- What is needed
Find the line in the entries below that contains "Skull USA T-Shirt". Repeat it exactly, and every line after it through the line that contains "アクアスキュータム AQUASCUTUM 裏地チェック柄".

- Data to use
--- --- ---
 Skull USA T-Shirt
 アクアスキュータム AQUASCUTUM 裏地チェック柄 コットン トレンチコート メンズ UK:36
--- --- ---
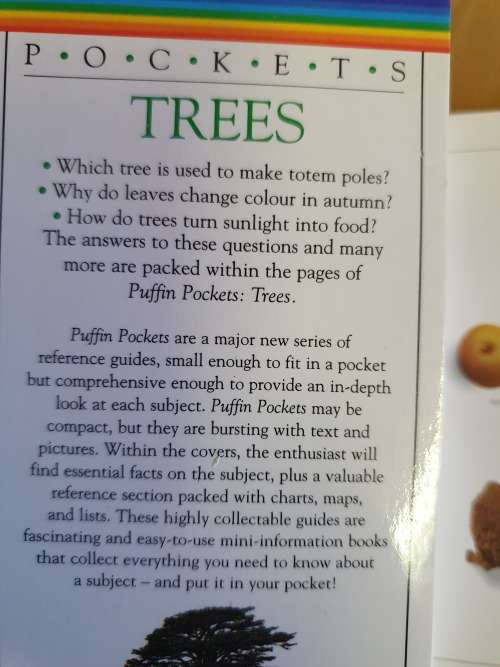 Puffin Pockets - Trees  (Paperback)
--- --- ---
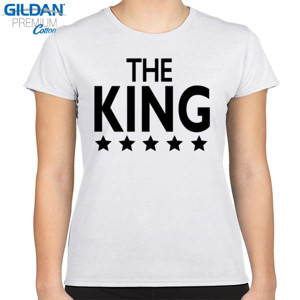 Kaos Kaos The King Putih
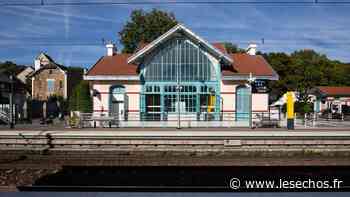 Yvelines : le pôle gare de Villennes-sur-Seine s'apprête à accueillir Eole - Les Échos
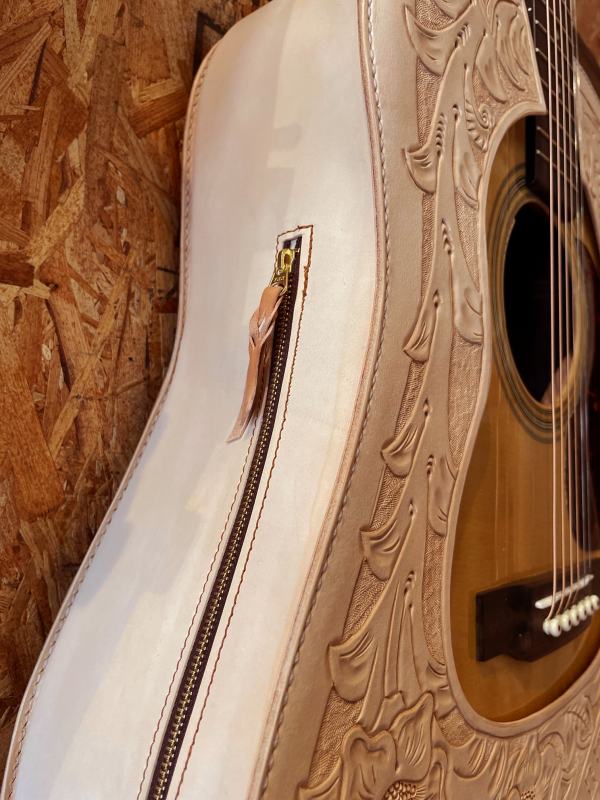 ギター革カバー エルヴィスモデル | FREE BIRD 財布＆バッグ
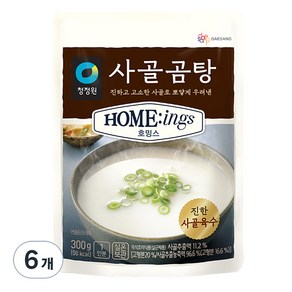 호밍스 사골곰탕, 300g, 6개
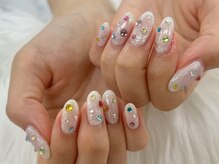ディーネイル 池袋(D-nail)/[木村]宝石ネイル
--- --- ---
- Answer to the problem
 Skull USA T-Shirt
 アクアスキュータム AQUASCUTUM 裏地チェック柄 コットン トレンチコート メンズ UK:36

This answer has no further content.